What Does Vision Supervision Bring to Language Models? A Case Study of CLIPDownload PDF

22 Sept 2022 (modified: 13 Feb 2023)ICLR 2023 Conference Withdrawn SubmissionReaders: Everyone
Keywords: Contrastive Language-Image Pre-training, Vision-and-Language, Knowledge Probing
Abstract: Vision-language~(V+L) pre-training has shown promising performance in cross-modal tasks such as image-text retrieval and image captioning. On the other hand, these models surprisingly perform worse than text-only models (e.g., BERT) on widely-used text-only understanding tasks. The conflicting results naturally raise a question: What does vision supervision bring to language models? In this paper, we investigate this under-explored problem with one representative cross-modal model CLIP. We compare the text encoder of CLIP and widely-used text-only models on a wide range of tasks.
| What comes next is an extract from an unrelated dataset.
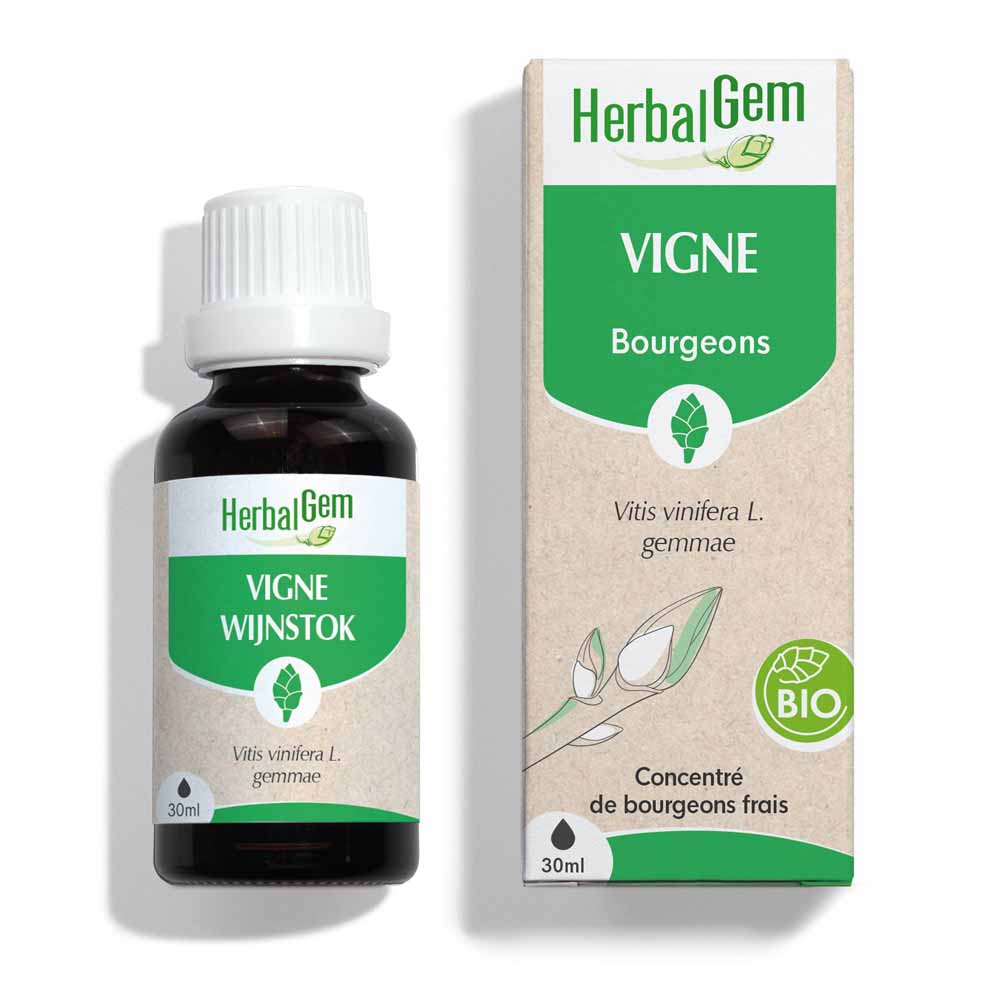 Herbalgem Vine Bioes 30ml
We design a suite of evaluation tasks across three perception aspects, including the linguistic world featuring syntactic knowledge~(e.g., dependency labeling), the visual world examining visual-related commonsense knowledge (e.g., color), and the embodied world featuring physical-related commonsense knowledge (e.g., mass). Experiments demonstrate that text-only models are not always better than CLIP on these perception tasks. Although the text encoder of CLIP falls far behind text-only models in linguistic-related tasks, CLIP achieves better zero-shot results in visual and embodied worlds with only $0.3\%$ parameters compared to OPT-175B (one of the largest text-only models). This proves that CLIP can empower text encoders to learn rich visual and embodied knowledge through vision-text pre-training. Furthermore, qualitative studies show that CLIP pre-training yet restricts the text encoder from learning fine-grained semantics, like understanding ambiguous texts. These results shed light on future directions to improve V+L pre-training.